R package NST| GitHub site | NST functions in a web-based pipeline

To estimate ecological stochasticity in community assembly. Understanding the community assembly mechanisms controlling biodiversity patterns is a central issue in ecology. Although it is generally accepted that both deterministic and stochastic processes play important roles in community assembly, quantifying their relative importance is challenging. The new index, normalized stochasticity ratio (NST), is to estimate ecological stochasticity, i.e. relative importance of stochastic processes, in community assembly. With functions in this package, NST can be calculated based on different similarity metrics and/or different null model algorithms, as well as some previous indexes, e.g. previous Stochasticity Ratio (ST), Standard Effect Size (SES), modified Raup-Crick metrics (RC). Functions for permutational test and bootstrapping analysis are also included. Previous ST is published by Zhou et al (2014 PNAS). NST is modified from ST by considering two alternative situations and normalizing the index to range from 0 to 1 (Ning et al 2019 PNAS). A modified version, MST, is a special case of NST, used in some recent or upcoming publications, e.g. Liang et al (2019). SES is calculated as described in Kraft et al (2011, Science). RC is calculated as reported by Chase et al (2011, Ecosphere) and Stegen et al (2013, ISME J). Version 3 added NST based on phylogenetic beta diversity, used by Ning et al (2020, Nat. Commun.).

The GitHub site of NST includes latest version of the package, example data and code, which can be helpful for new users. The IEG Statistical Analysis Pipeline based on Galaxy platform also has a function to implement taxonomic and phylogenetic NST with a tutorial, which can be easier for people not familiar with R language. The package has been downloaded for 7608 times from Jun 2019 to Dec 2020. I am the developer of this package under Prof. Jizhong Zhou’s supervision.

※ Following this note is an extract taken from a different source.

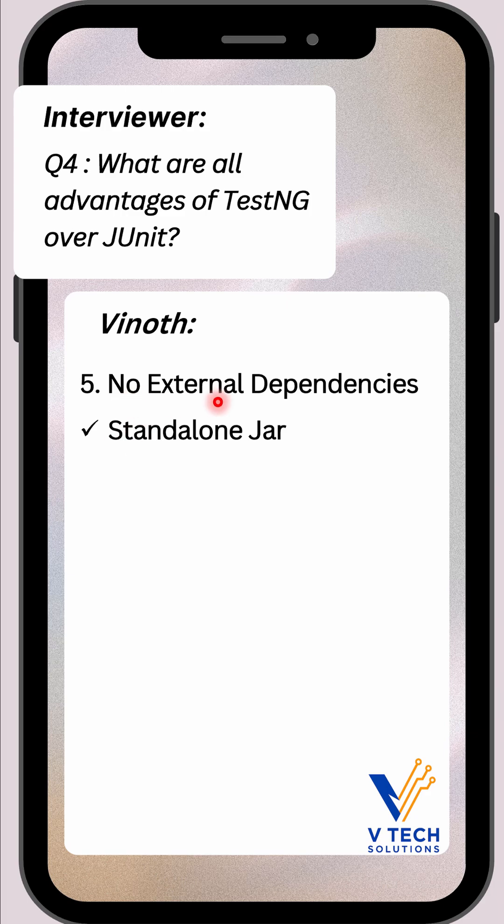Then no external dependency. TestNG comes with a single standalone JAR file with everything included. But in JUnit, we often need to complement it with Hamcrest, Mockito, and so on for full capabilities.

IEG Statistical Analysis Pipeline

To implement various statistical analyses of microbiome data, e.g. taxonomic/phylogenetic diversity metrics, dimension reduction, dissimilarity test, dispersion test, null model test, stochasticity estimation (e.g. normalized stochasticity ratio, NST), quantifying community assembly processes (e.g. the phylogenetic bin-based null model approach, iCAMP), etc. A total of 98 users have run 4804 jobs from Sep 2019 to Dec 2020. I am the developer of this pipeline under Prof. Jizhong Zhou’s supervision.


Molecular Ecological Network Analysis pipeline (MENA)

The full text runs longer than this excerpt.